Yes we have a Lowes here.
but Im afraid its run by Ohio people.
Believe me they are not happy people!
I noticed it the minute I moved here.
Im from Wyoming, Michigan.


----------



## rcj1095 (Mar 4, 2009)

I just must live in a good area cuz we are full of friendly people here. I take mine everywhere, including restaurants and they are so loved and welcome. You just need to move over here by us!!! LOL.


----------



## 17428 (Jul 10, 2009)

What part of Ohio are you in??
Tell me please ....Im curious!!


----------



## rcj1095 (Mar 4, 2009)

Dahlia`s MaMa said:


> What part of Ohio are you in??
> Tell me please ....Im curious!!


Akron honey. I've gotten to know a lot of these people over the years and I've been so lucky. The manager at Max and Erma loves Chloe and Lily but I have been careful and not abusive of the rules. Once they get to know me and us, they just immediately ask me if I have them with me. It's so cute and I'm really very careful but now I get in trouble if I go anywhere without them. They are so little and don't bark or cause a stir so it's worked out well for us. If I had them in my arms though it may have been harder. I always have them in their little carrier and then I bring them out if it's a welcome situation. I think we are around 2-1/2 to 3 hours away!


----------



## mommasboy (Dec 25, 2008)

I live in NJ and I take my chis EVERYWHERE!!! There's Petco & Petsmart, of course. Then right in my town I take them to the bank, post office, hardware store, Family Dollar, Dollar Tree, Donut/coffee shop (the owner actually feeds them plain donuts!!), and then I take them to church with me all the time!! Fortunately, my hubby is the pastor so I am allowed with no problems!! I have an office and if we are just down there working at the church they hang out in my office and play. But I have taken them to an actual service and they just sit nicely in their bag and sleep. Then we have Bible study on Thurs nights and they go every week with me. They get so much attention!!! I am very fortunate that mine get to go so many places. I would be lost if I couldn't take them with me!! Also, our Lowe's allows them in...have taken mine several times!


----------



## ILOVECHIHUAHUAS (Oct 4, 2009)

I hate that..more places should allow our babies...im not gonna lie..there are times when i go to my hairdressers and wish they had a NO KIDS ALLOWED sign..lol..our babies dont cry..scream..or throw tantrums...what the hell is the problem??!!!


----------



## TwinTails (Sep 5, 2009)

When I had my Sophie (larger Chi, about 11lbs), I would take her everywhere. I'd ask before going into places (just tell them I have a small dog, I don't want to leave her outside, would it be ok if I carried her inside). I was usually allowed no problem, they would ask if she is potty trained, thats about all. They all got used to her and would bring treats to work to give to her when we stopped by  Funnily enough, we never went into a pet store, lol! It was always other places - book stores, movie rental places, gas stations, etc. There was a pub that you could sit outside with your dog (they provided stainless steel bowls of filtered water and the occasional treat). Lots of the little resturants had seating outside, and you were more than welcome to bring the dogs (the local Humpties had a specific area that was for pets and their owners only, lol!). Maybe talk to the people before you go in, let them see she is small and you are carrying her. I've found that showing them respect to begin with will often prove positive


----------



## MJandFern (Sep 3, 2009)

Awwww, I am so sorry that happened. I dunno, I think if you would have went in anyways they wouldn't have said no to such a beautiful chi.

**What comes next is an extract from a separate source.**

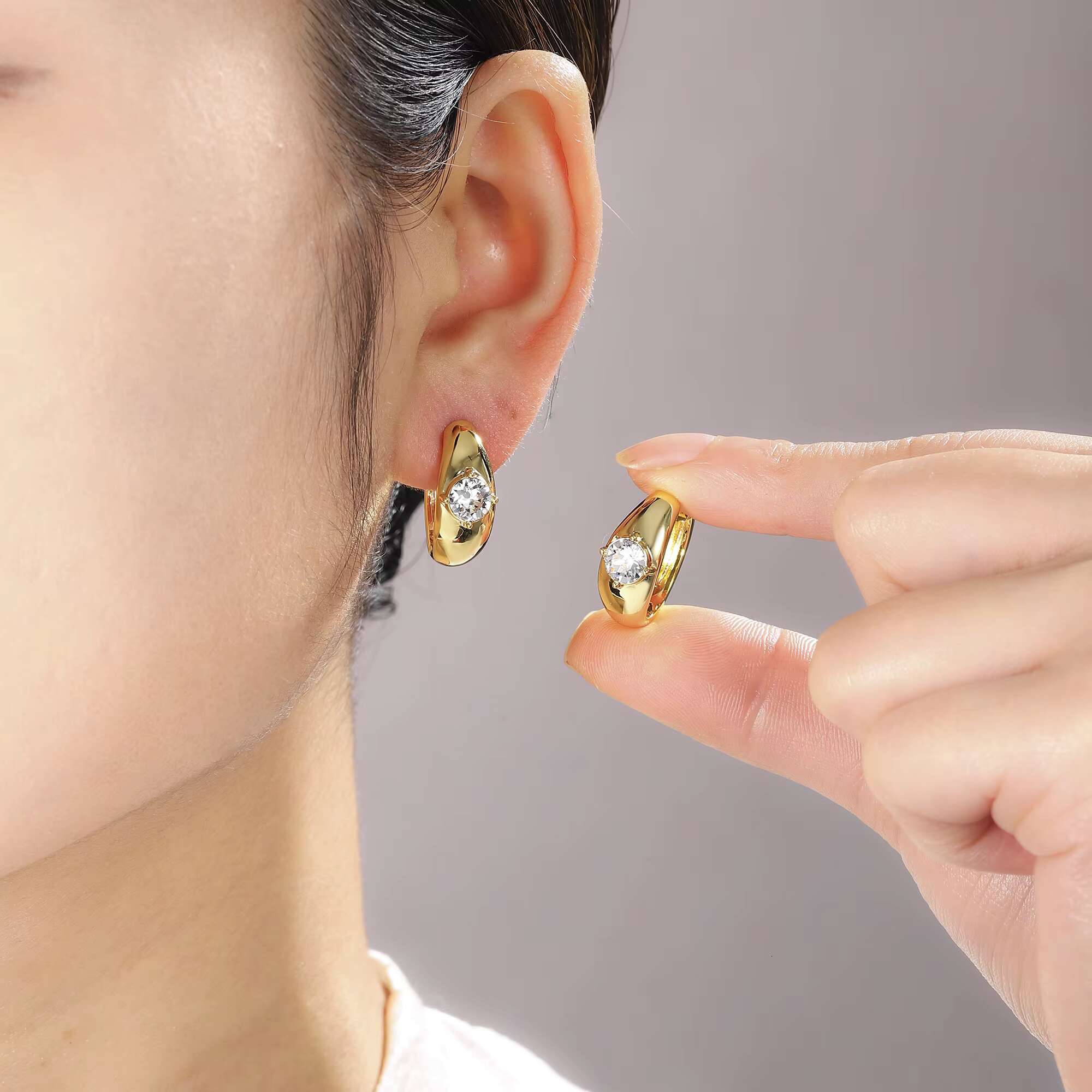 Anniversary gift; Fashion Austrian crystal earrings; 18K gold; white gold; 925 silver; moissanite earrings for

There are only a few places here to take dogs...and they are mainly pet stores...I take Fernando and MaryJane to Care-A-Lot and PetSmart...and the local petstore where I get there food from called Pet World...they are SO nice there...you can ask them anything about any animal and they are SO helpful and they always welcome your pets....I saw someone walking an iguana in there one day! I had Fernando with me and he about flipped his lid...it was cute. 

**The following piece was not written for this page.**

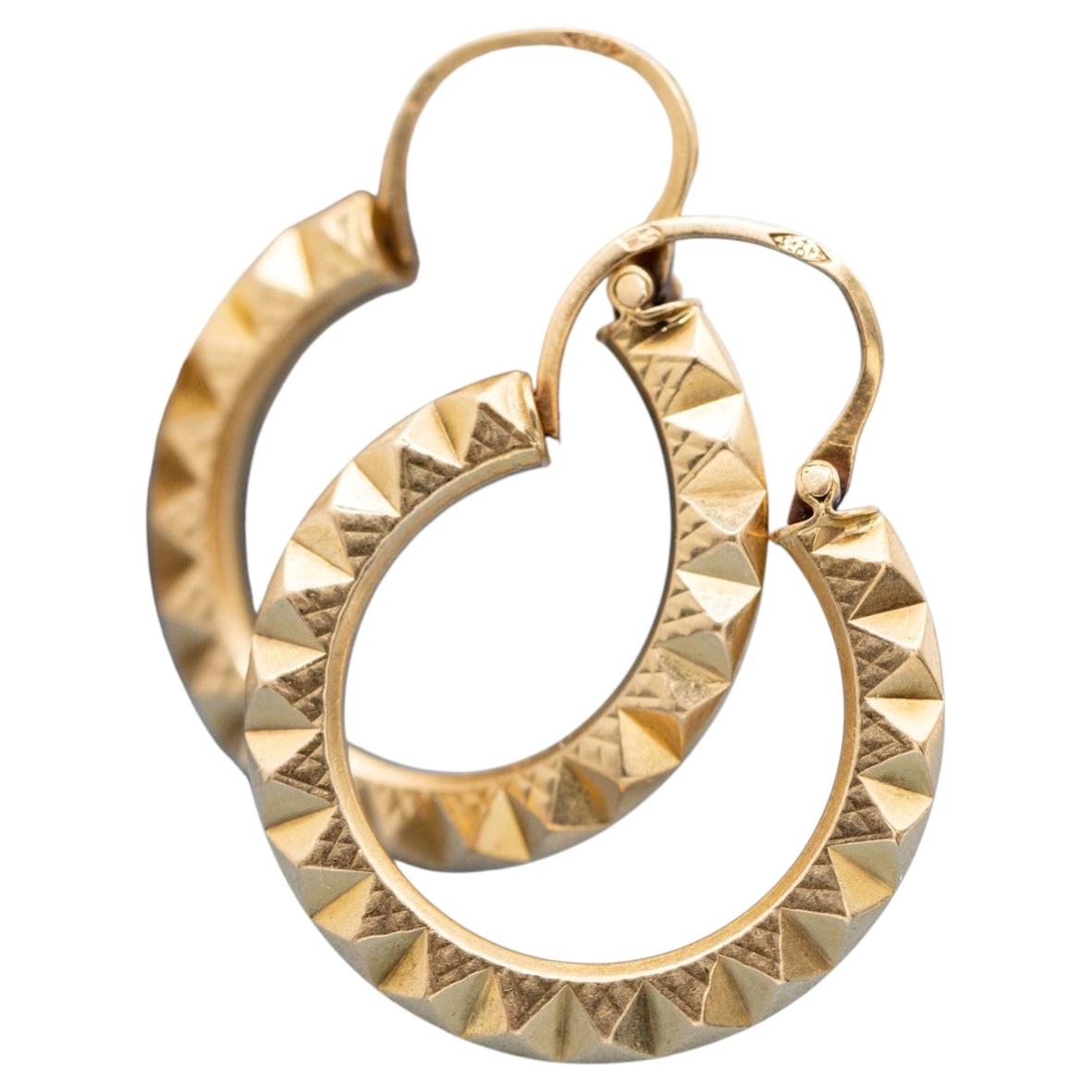 French Vintage 18K Creoles - 18 karat solid yellow gold faceted hoop earrings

But as far as regular stores and cafes...I don't know many...in Historic Williamsburg and Yorktown beach there are some places in the summer that allow pets to eat with you outside and they bring your pooch a bowl of water and treats. 

Patrick Henry Mall here has a rule that you can take your pet in the mall as long as their paws don't touch the floor...so basically in a carrier. I did that with Fernando a few times, but children flock to him and he just does not like children so I'm always afraid he will bite. 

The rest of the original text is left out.